--- ENTRIES PROVIDED Enclosed Below ---
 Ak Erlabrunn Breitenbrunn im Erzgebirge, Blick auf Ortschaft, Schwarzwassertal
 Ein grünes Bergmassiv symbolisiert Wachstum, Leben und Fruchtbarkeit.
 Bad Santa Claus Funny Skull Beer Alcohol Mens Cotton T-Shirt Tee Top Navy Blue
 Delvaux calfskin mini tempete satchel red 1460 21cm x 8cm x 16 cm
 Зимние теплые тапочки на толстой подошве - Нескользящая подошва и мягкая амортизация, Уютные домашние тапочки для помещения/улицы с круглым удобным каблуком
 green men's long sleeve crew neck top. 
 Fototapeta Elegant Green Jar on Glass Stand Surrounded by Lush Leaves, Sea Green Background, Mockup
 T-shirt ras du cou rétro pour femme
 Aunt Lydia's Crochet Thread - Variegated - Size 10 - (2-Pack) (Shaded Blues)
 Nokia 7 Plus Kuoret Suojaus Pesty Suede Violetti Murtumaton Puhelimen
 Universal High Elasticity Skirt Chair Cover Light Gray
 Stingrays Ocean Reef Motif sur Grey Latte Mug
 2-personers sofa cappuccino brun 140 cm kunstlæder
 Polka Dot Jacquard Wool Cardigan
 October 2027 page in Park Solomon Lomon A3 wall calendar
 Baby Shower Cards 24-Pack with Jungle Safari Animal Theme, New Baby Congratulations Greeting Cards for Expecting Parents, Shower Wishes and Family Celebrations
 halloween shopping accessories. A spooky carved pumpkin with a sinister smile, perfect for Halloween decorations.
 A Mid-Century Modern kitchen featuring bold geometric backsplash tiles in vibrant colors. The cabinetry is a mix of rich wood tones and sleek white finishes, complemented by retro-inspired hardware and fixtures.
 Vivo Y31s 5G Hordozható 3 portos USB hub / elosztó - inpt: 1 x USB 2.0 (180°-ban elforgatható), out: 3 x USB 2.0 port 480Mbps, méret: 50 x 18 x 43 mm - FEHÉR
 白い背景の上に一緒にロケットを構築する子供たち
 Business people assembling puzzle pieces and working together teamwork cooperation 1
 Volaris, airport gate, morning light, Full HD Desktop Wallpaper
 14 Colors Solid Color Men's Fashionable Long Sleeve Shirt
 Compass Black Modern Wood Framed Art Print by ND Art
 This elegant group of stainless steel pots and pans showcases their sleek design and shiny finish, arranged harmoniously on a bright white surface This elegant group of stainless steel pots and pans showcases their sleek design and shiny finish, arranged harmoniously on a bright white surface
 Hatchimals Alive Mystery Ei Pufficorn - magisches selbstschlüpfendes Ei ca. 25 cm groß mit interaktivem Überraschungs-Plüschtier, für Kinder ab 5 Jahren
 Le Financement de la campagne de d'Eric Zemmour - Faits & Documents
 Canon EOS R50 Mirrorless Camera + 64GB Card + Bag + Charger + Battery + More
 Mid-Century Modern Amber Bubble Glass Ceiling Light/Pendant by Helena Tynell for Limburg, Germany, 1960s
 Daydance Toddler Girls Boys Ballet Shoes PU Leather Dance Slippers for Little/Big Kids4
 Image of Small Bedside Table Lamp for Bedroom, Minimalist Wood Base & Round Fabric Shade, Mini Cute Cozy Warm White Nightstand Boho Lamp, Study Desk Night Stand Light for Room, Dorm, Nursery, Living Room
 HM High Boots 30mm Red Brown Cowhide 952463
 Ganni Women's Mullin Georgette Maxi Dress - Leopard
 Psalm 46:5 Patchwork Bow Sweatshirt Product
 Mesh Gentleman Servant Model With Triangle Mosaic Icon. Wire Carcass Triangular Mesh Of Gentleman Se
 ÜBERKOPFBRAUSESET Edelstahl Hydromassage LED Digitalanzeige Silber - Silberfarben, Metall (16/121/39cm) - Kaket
--- End of Enclosed ENTRIES PROVIDED ---
PROBLEM:
What you give back should be only the lines of the records above, starting at the line with "Fototapeta Elegant Green" and ending at the line with "Mid-Century Modern Amber", restated word for word.

RESPONSE TO THIS EXERCISE:
 Fototapeta Elegant Green Jar on Glass Stand Surrounded by Lush Leaves, Sea Green Background, Mockup
 T-shirt ras du cou rétro pour femme
 Aunt Lydia's Crochet Thread - Variegated - Size 10 - (2-Pack) (Shaded Blues)
 Nokia 7 Plus Kuoret Suojaus Pesty Suede Violetti Murtumaton Puhelimen
 Universal High Elasticity Skirt Chair Cover Light Gray
 Stingrays Ocean Reef Motif sur Grey Latte Mug
 2-personers sofa cappuccino brun 140 cm kunstlæder
 Polka Dot Jacquard Wool Cardigan
 October 2027 page in Park Solomon Lomon A3 wall calendar
 Baby Shower Cards 24-Pack with Jungle Safari Animal Theme, New Baby Congratulations Greeting Cards for Expecting Parents, Shower Wishes and Family Celebrations
 halloween shopping accessories. A spooky carved pumpkin with a sinister smile, perfect for Halloween decorations.
 A Mid-Century Modern kitchen featuring bold geometric backsplash tiles in vibrant colors. The cabinetry is a mix of rich wood tones and sleek white finishes, complemented by retro-inspired hardware and fixtures.
 Vivo Y31s 5G Hordozható 3 portos USB hub / elosztó - inpt: 1 x USB 2.0 (180°-ban elforgatható), out: 3 x USB 2.0 port 480Mbps, méret: 50 x 18 x 43 mm - FEHÉR
 白い背景の上に一緒にロケットを構築する子供たち
 Business people assembling puzzle pieces and working together teamwork cooperation 1
 Volaris, airport gate, morning light, Full HD Desktop Wallpaper
 14 Colors Solid Color Men's Fashionable Long Sleeve Shirt
 Compass Black Modern Wood Framed Art Print by ND Art
 This elegant group of stainless steel pots and pans showcases their sleek design and shiny finish, arranged harmoniously on a bright white surface This elegant group of stainless steel pots and pans showcases their sleek design and shiny finish, arranged harmoniously on a bright white surface
 Hatchimals Alive Mystery Ei Pufficorn - magisches selbstschlüpfendes Ei ca. 25 cm groß mit interaktivem Überraschungs-Plüschtier, für Kinder ab 5 Jahren
 Le Financement de la campagne de d'Eric Zemmour - Faits & Documents
 Canon EOS R50 Mirrorless Camera + 64GB Card + Bag + Charger + Battery + More
 Mid-Century Modern Amber Bubble Glass Ceiling Light/Pendant by Helena Tynell for Limburg, Germany, 1960s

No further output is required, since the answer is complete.